After having evidently seen the requisite shadow from the rim of his own burrow, the latest in a growing colony of beady-eyed, black-robed Italian judges has recently announced an additional six weeks of guilt for the 27-year-old Seattle native. In overturning the apparently misguided “not guilty” verdict of his now-retired predecessor, this New Guy has reiterated the opinions of his several judicial brethren in confirming that way back when Walter White was still just a high school chemistry teacher, Knox, with the assistance of her boyfriend and another male acquaintance, did, indeed, fatally plunge a knife into the throat of her friend and roommate, Meredith Kercher.

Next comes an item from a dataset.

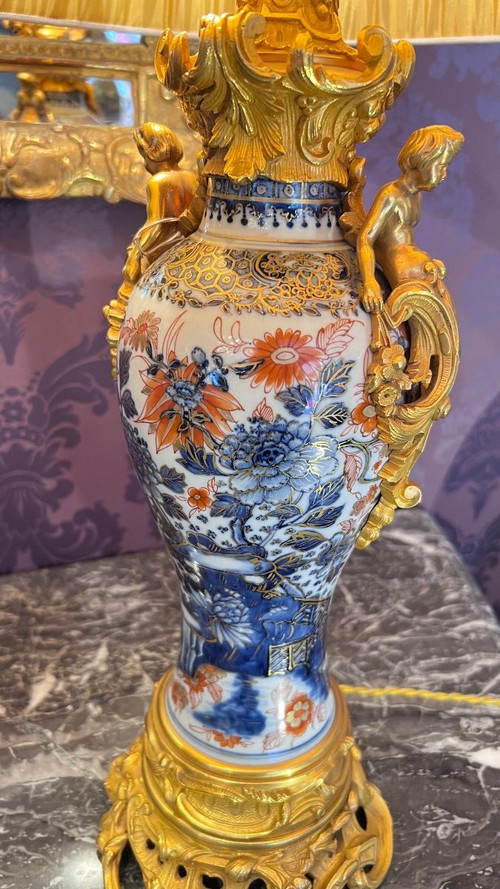 Coppia Di Lampade In Porcellana Con Decoro Imari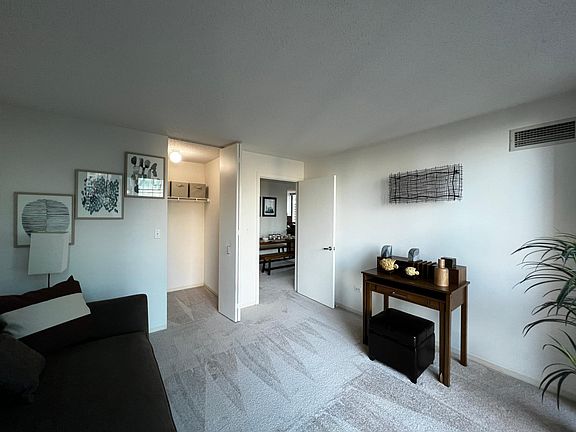 4th image of 400 E Randolph St #204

In light of the New Guy’s reaffirmation of guilt one cannot help but wish that Knox would simply do us all a favor and, if not go quite so far as to outright confess, at least have the good manners to quit pressing her claims of innocence upon a world that is thoroughly sick of her. With the same callous indifference to others that she allegedly demonstrated towards her victim, Knox seems pathologically tone-deaf to the collective groan of boredom that greets each new television interview that she insists on giving. Like an annoying houseguest who has overstayed her welcome, Knox will simply not take a hint. She did not kill Meredith Kercher, by God, and as inconvenient as her innocence may be to the television viewing preferences of millions, she has taken to the airwaves yet again to let the world know.
If it was just that Knox was tedious, I suppose that I could tolerate her occasional network news appearances. However, what catapults Knox into the realm of rage-inducing, nails-on-a-chalkboard annoying is that although her claims of innocence are absurd she seems genuinely to expect us to take her seriously. With her sad, world-wary eyes and thoughtful, yet painfully pensive voice she becomes every bit the guileless, guiltless, much-abused victim. She’s good. No….really, she’s very, very good….which is precisely what makes her so aggravating. As one listens to her, it becomes easy not only to believe in her innocence, but also to actually feel just a little bit sorry for her. Her delivery – frail but determined, vulnerable yet brave – is wonderfully calibrated to pluck at heartstrings in a way that encourages her listeners to actually wonder what it might be like to live under a perpetual shadow of undeserved suspicion and to be universally despised for a crime they had nothing to do with.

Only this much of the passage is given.